-- DATASET SECTION follows --

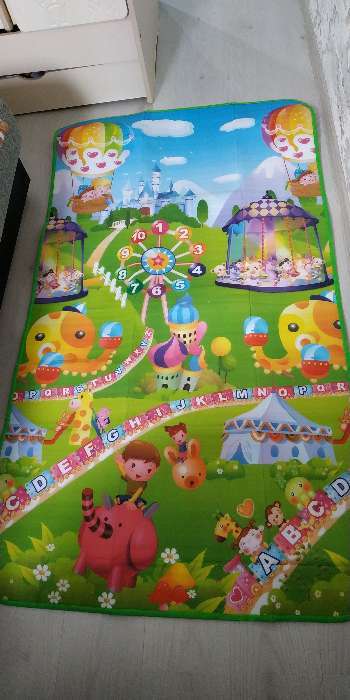 Фотография покупателя товара Игровой коврик для детей на фольгированной основе «Карусель», размер 180х100x0,5 см, Крошка Я - Фото 1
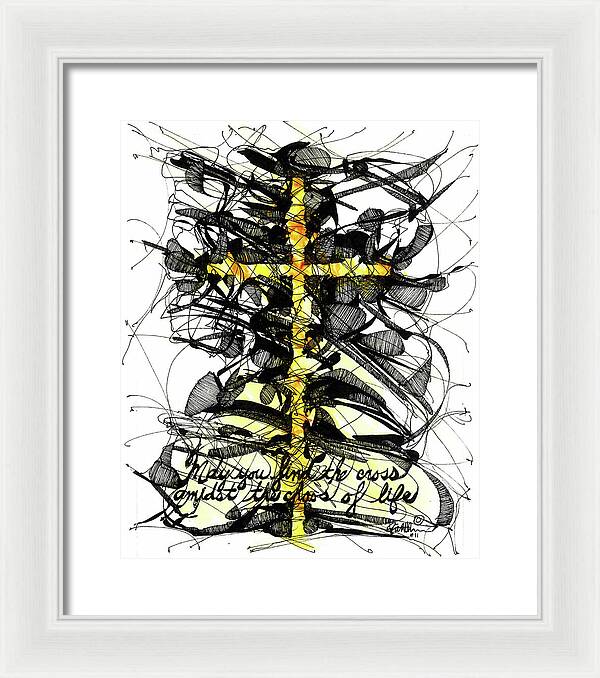 Chaos Order Cross 11 - Luminous Yellow - Framed Print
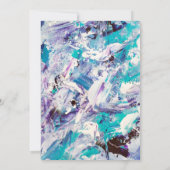 lila Bürstenstöcke in Meeresblau Einladung (Rückseite)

-- DATASET SECTION concluded --

== TRY IT ==
Retyping is limited to the line with "Chaos Order Cross" and the lines after it in the material above; give them exactly and leave out the pictures.

== EXERCISE SOLUTION ==
 Chaos Order Cross 11 - Luminous Yellow - Framed Print
 lila Bürstenstöcke in Meeresblau Einladung (Rückseite)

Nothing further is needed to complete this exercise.